* WHAT THE TASK ASKS
Begin at the line containing "1 Hesheng Chen" in the records below, end at the line containing "St Helena 1953", and retype each line in that span exactly. No other line and no image should appear.
*** Opening of INFORMATION ***
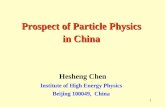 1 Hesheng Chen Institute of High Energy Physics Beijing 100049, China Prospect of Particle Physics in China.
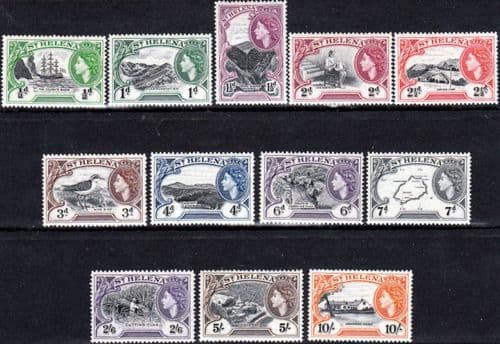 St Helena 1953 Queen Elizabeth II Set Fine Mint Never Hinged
*** Close of INFORMATION ***
*** Opening of INFORMATION ***
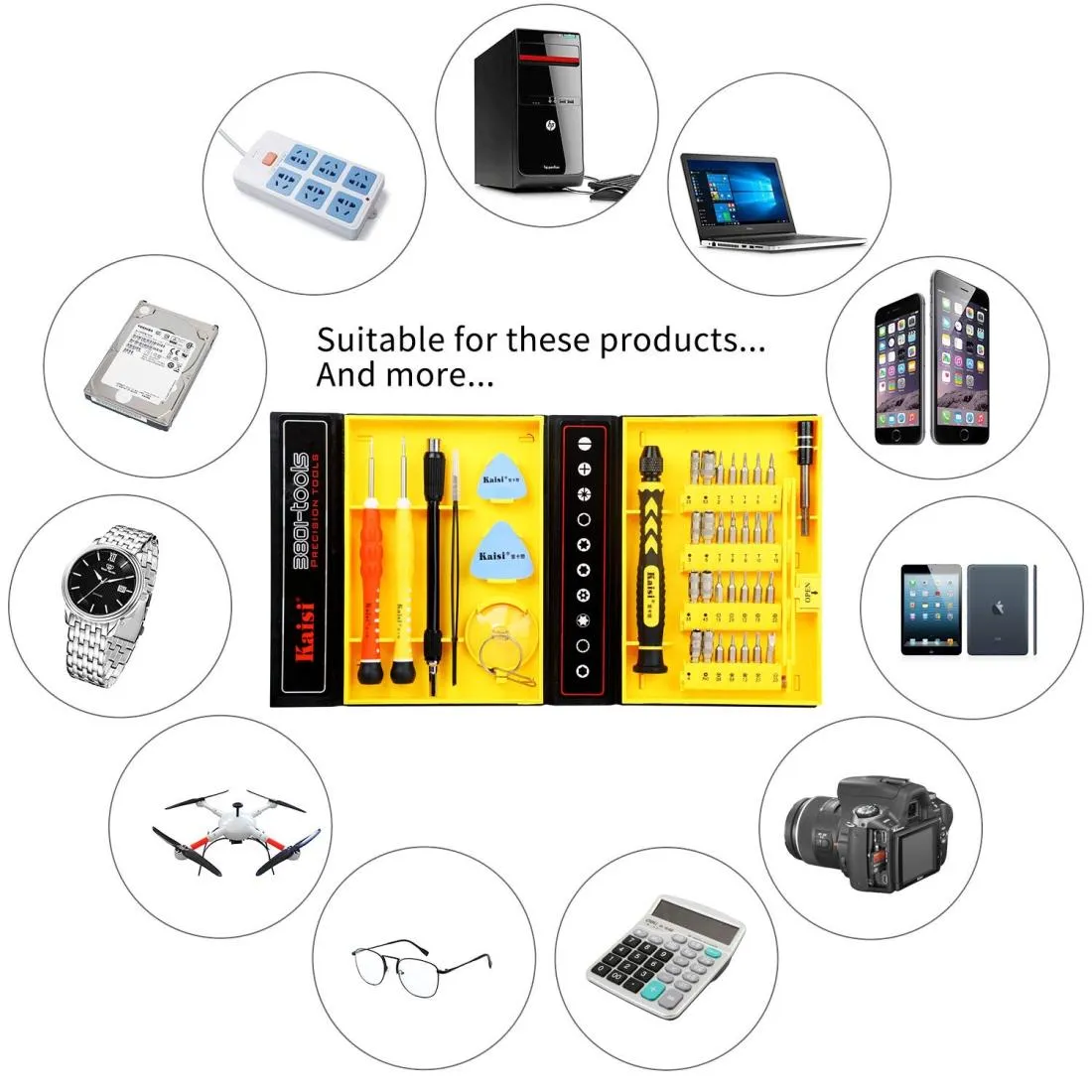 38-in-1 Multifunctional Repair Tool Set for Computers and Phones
*** Close of INFORMATION ***
* YOUR RESPONSE
 1 Hesheng Chen Institute of High Energy Physics Beijing 100049, China Prospect of Particle Physics in China.
 St Helena 1953 Queen Elizabeth II Set Fine Mint Never Hinged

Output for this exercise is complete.